Sloan Bicurve
From 1910 to 1912 the American John Sloan built his series of "bicurve" biplanes in a small workshop in the Paris suburb of Charenton. As with so many of the early designers and builders, it is difficult to determine how many of the machines appearing under his name were new ones, or merely earlier ones modified and developed.
His first was shown in 1910, typical of his bicurve designs with the shorter top wing arching down at the tips almost meeting inboard of the tips of the lower wing, with the extended leading and trailing edges of the upper wing joined to those of the lower. The lower wing had some dihedral, and then its tips drooped also, with large ailerons on the trailing edges near the ends. The long uncovered rectangular fuselage sat 2 in tandem behind the engine; a tall rectangular rudder stood up at the rear above a long tailplane set at a high angle on the fuselage. The elevators were connected to a forward elevator mounted on outriggers. The aeroplane rested in front on 2 pairs of wheels with a skid between each pair, and a tailwheel; the latter was replaced with a skid before the end of the year. The lower wings were called lifting surfaces and the upper ones stabilizing surfaces: the theory was that the downward curve of the lower wings would "slow the chute if the engine cut."
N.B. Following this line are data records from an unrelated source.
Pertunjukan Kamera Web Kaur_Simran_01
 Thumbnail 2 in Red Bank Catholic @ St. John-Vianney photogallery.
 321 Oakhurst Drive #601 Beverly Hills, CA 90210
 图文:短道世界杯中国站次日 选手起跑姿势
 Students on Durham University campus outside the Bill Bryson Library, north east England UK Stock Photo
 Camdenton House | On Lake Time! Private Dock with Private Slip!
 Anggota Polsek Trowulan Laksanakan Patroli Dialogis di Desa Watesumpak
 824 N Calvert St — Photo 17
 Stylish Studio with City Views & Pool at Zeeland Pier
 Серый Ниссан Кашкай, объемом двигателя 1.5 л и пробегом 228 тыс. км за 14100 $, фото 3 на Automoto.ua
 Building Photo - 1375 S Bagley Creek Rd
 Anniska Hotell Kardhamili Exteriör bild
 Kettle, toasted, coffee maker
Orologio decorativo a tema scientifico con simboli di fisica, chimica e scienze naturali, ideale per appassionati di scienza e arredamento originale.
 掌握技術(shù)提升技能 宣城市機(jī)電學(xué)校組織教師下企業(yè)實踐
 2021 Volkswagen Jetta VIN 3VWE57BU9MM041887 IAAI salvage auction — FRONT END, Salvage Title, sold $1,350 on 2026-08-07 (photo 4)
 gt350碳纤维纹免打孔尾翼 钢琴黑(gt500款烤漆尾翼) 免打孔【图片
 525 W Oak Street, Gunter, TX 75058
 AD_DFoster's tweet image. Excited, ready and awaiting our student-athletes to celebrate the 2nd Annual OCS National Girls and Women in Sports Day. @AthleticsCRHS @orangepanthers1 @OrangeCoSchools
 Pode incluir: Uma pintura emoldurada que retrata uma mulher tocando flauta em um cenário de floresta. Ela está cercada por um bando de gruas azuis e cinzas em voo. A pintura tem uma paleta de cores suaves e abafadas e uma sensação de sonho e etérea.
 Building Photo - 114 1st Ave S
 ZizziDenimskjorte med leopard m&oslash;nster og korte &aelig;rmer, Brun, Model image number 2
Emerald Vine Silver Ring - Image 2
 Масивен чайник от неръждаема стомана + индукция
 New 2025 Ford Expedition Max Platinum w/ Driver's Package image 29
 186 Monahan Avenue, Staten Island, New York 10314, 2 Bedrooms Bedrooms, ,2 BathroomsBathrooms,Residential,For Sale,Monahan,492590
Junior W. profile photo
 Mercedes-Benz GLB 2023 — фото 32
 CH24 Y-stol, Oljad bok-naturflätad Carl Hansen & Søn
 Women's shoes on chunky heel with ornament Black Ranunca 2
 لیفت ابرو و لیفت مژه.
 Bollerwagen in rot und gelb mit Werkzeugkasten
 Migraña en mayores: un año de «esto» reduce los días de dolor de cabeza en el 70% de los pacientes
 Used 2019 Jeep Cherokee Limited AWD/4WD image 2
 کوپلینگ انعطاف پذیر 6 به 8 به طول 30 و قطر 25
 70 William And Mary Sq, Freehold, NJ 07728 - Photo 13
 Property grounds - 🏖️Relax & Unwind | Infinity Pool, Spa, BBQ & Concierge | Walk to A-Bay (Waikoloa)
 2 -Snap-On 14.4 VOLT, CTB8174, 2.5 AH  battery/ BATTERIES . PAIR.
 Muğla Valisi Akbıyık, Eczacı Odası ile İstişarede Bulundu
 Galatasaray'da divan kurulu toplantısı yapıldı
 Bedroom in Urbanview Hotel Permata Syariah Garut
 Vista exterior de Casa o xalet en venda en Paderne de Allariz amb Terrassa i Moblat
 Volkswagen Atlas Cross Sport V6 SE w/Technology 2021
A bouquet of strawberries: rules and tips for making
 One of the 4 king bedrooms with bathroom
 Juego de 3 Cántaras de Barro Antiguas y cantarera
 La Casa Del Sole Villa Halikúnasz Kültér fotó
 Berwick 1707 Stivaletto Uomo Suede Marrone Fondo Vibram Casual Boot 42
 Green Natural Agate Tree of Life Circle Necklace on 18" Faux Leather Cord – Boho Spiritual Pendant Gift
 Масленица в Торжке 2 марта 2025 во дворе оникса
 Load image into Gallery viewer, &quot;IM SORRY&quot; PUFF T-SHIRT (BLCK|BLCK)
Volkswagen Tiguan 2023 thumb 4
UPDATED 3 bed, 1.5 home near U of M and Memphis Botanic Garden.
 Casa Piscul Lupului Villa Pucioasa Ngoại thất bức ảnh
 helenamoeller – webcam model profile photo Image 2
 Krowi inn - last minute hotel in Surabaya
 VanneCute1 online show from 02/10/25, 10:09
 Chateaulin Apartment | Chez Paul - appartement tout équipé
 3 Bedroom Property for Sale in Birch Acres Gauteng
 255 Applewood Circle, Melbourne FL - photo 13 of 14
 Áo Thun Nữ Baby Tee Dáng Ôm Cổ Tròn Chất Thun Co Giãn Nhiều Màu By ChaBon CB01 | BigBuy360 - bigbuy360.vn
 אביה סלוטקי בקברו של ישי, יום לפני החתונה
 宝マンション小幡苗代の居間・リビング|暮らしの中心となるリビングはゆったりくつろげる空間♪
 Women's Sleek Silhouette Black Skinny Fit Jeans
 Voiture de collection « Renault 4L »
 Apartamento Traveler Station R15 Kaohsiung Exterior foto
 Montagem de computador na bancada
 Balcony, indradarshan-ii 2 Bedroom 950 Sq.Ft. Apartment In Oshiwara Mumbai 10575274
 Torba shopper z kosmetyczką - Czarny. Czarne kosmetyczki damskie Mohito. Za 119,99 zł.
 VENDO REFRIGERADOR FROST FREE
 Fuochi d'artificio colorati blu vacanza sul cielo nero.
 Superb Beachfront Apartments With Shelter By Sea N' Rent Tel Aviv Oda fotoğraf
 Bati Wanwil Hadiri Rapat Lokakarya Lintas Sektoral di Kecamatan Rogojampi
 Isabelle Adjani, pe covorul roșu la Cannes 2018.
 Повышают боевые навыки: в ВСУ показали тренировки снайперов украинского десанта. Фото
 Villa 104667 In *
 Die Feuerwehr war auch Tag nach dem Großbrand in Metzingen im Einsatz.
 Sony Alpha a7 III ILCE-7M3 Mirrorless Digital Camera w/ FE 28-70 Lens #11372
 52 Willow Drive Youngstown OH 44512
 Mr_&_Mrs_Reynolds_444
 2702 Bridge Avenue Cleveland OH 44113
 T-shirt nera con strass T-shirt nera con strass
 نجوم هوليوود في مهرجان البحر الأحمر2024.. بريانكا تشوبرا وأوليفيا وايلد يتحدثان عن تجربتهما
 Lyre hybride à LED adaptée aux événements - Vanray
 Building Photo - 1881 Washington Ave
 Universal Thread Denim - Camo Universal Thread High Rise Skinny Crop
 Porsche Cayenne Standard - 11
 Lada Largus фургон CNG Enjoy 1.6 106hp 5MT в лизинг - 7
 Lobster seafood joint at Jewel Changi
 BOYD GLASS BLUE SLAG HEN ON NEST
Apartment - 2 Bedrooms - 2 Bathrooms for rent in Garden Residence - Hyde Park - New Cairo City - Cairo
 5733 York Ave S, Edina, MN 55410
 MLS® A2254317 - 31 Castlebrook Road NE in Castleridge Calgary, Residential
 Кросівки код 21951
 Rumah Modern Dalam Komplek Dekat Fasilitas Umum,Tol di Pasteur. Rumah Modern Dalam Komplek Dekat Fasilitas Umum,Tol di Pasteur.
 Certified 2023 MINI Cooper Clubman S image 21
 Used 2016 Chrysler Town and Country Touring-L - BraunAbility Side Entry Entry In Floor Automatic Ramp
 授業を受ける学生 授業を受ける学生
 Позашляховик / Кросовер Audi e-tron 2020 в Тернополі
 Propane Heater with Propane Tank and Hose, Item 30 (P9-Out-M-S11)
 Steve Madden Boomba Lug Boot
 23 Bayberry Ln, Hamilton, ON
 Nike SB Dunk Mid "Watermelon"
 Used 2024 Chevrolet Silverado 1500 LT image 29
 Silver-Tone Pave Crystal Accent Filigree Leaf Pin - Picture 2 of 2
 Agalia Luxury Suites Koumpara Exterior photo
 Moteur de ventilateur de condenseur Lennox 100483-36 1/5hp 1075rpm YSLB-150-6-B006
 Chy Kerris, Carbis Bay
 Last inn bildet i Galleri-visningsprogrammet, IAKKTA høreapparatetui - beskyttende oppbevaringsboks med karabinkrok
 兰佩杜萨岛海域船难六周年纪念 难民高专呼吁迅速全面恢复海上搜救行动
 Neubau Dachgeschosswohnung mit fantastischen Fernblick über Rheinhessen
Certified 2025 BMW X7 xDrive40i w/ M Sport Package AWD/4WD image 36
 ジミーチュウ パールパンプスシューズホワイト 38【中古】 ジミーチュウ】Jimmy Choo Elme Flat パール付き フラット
(Span: (upper) 8 m; (lower) 10.95 m; chord: (upper) 2 m; (lower) from 2 to 2.9 m at the tip; length: 11.3 m; wing area: 49 sqm; speed: c 75 kmh; 50 hp Gnome with a 2.5 m diameter Sloan propeller)
A similar machine, or the same one altered, was often photographed in flight. The forward elevator was gone, and a 35 hp Labor provided power through chains to the 2 tractor propellers. The pilot sat in a sort of bucket. Another version - or modification - flew next, with the Gnome and a single tractor propeller, front elevator, but with a less-drooping top wing. It crashed in 1911.
Sloan's penultimate reported flying machine was flying in 1912 at Issy, seemingly a throwback to the 1910 designs, with the twin skid of the Concours Militaire entry; a final design was similar to the 1912 military aeroplane but with a small inline 4-cylinder motor.
In the years 1911-1912 he was working on plans fora 18.5-meter span Calais-Dover passenger biplane, with a single big float and a boat-shaped fuselage and a 100 hp Clerget; it was not built.